EXERCISE PROMPT
In the entries that follow, find the line containing "Capilla Santa Cruz map" and the line containing "icon crutches", then copy exactly everything from the first through the second except the pictures.

***** INPUT FOR THIS TASK *****

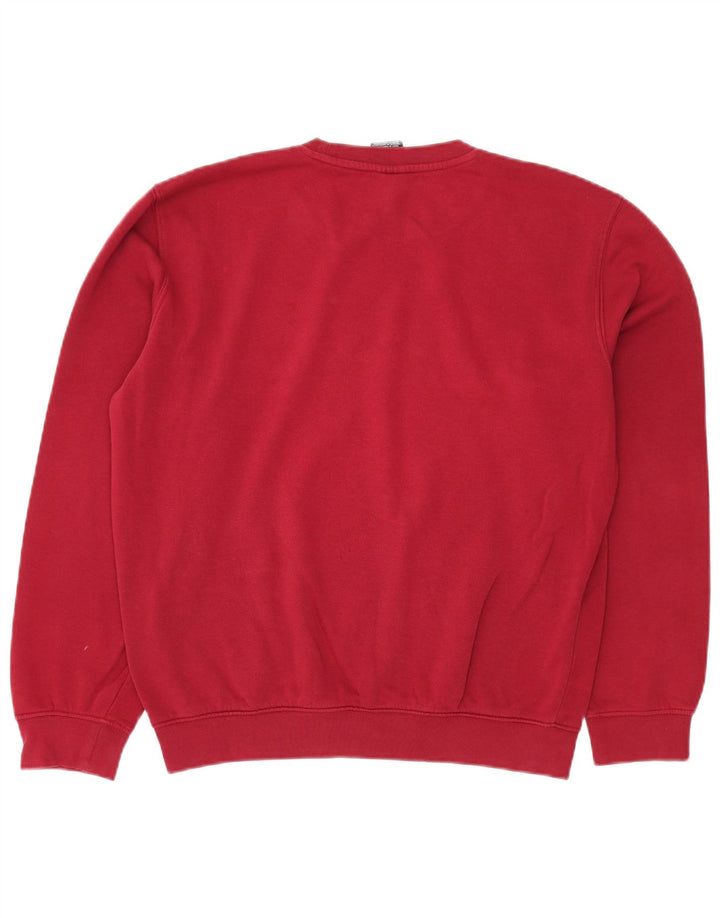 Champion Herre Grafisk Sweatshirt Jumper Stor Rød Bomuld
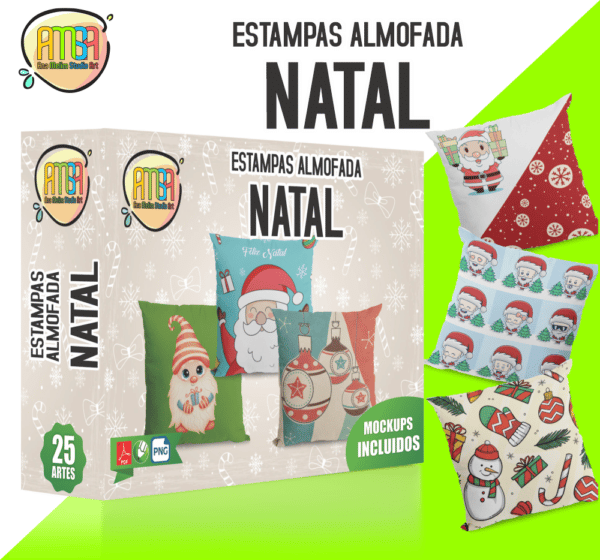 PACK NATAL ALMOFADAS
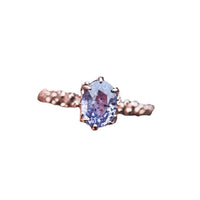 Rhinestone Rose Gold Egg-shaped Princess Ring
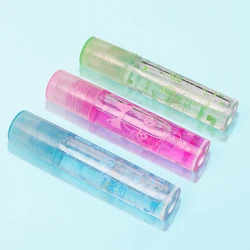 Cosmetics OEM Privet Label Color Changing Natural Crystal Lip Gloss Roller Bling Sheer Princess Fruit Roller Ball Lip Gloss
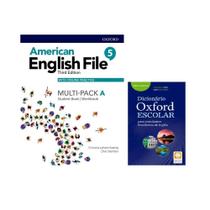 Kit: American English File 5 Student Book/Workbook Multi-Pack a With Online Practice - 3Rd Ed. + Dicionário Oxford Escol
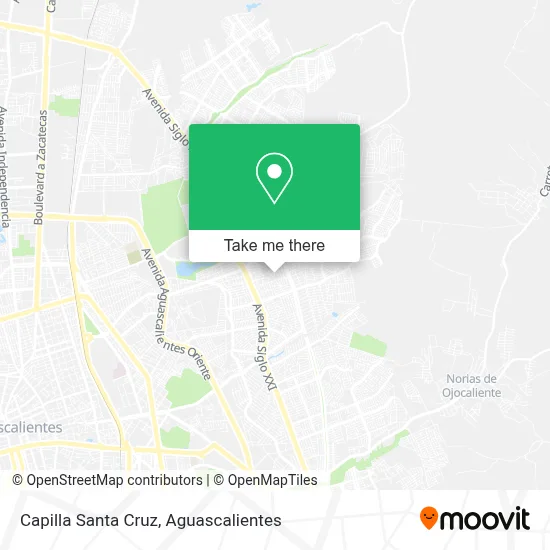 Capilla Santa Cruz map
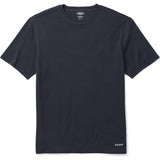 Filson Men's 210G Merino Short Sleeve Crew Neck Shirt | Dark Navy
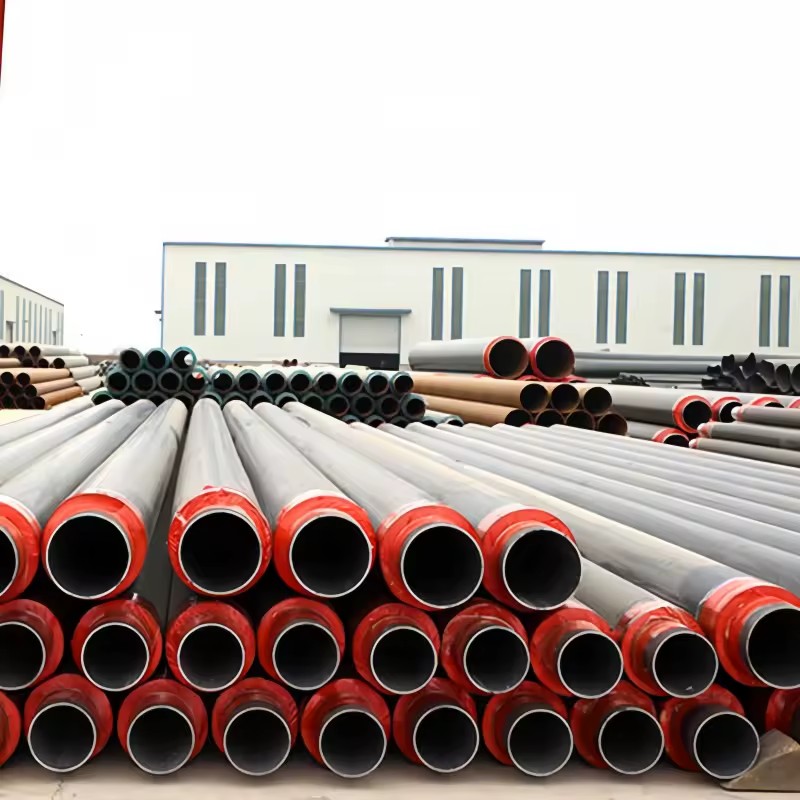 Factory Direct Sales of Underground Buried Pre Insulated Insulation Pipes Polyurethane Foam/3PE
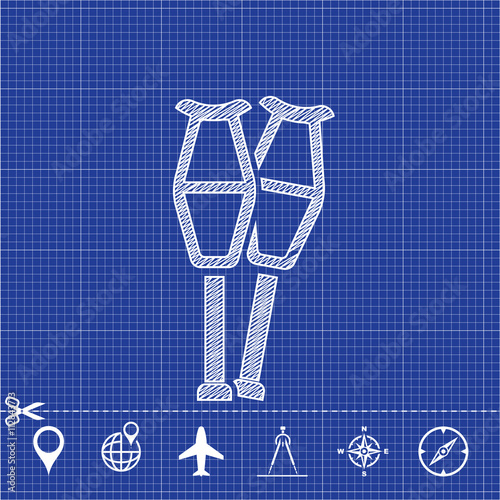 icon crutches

*****
***** INPUT FOR THIS TASK *****

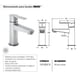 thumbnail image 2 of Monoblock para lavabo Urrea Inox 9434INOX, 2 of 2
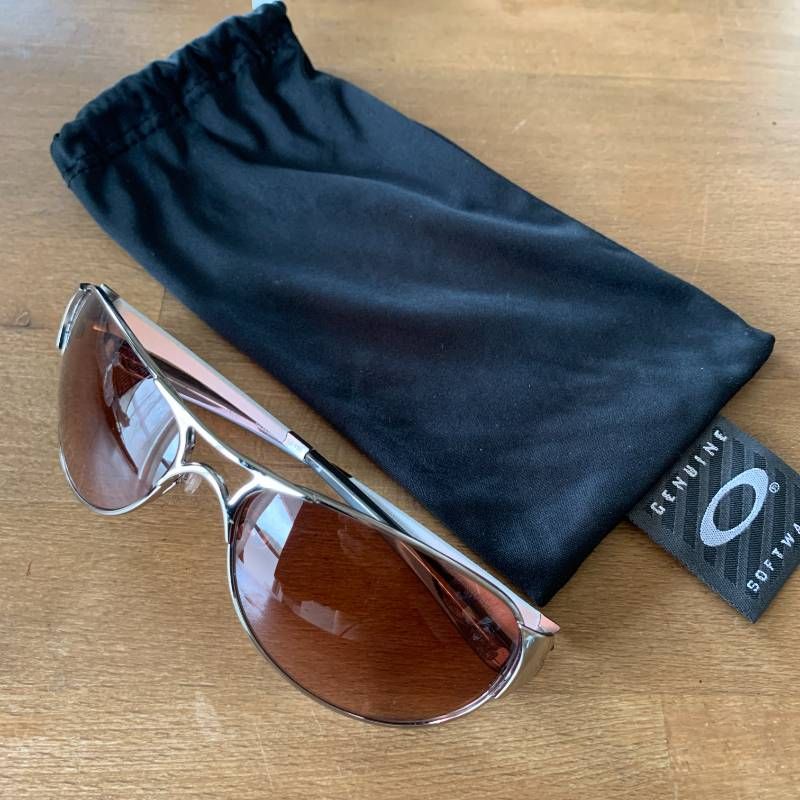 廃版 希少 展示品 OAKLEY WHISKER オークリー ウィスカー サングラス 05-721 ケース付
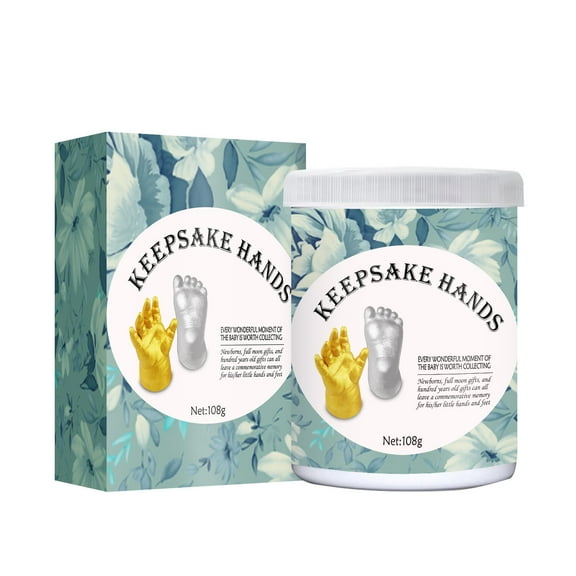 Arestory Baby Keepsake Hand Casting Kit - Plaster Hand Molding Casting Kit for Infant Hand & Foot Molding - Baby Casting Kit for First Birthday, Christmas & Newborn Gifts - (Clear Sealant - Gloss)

*****
***** INPUT FOR THIS TASK *****

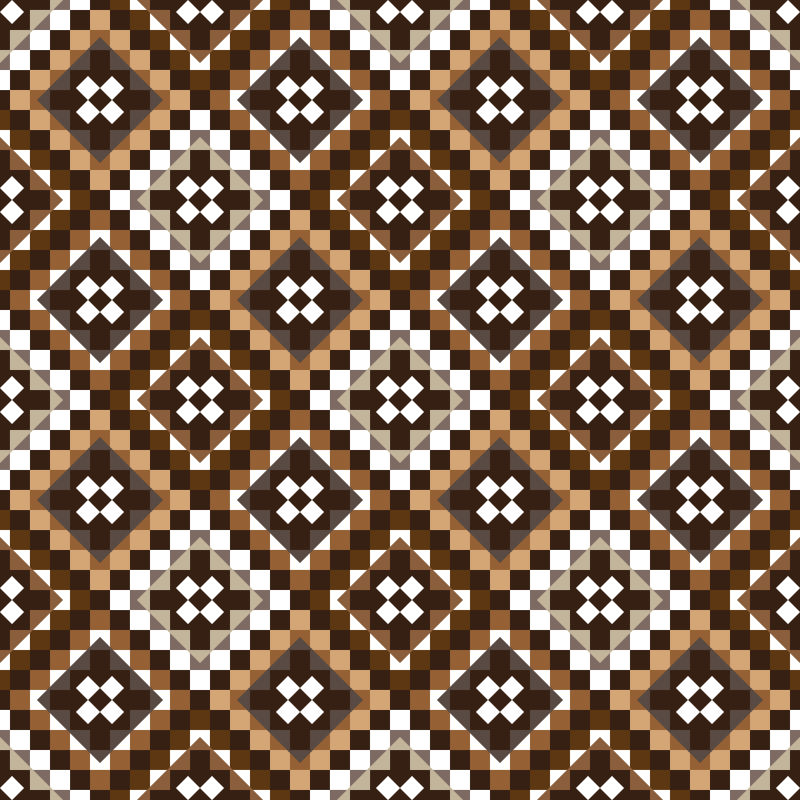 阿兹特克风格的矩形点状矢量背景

*****

ANSWER FOR THIS EXERCISE
 Capilla Santa Cruz map
 Filson Men's 210G Merino Short Sleeve Crew Neck Shirt | Dark Navy
 Factory Direct Sales of Underground Buried Pre Insulated Insulation Pipes Polyurethane Foam/3PE
 icon crutches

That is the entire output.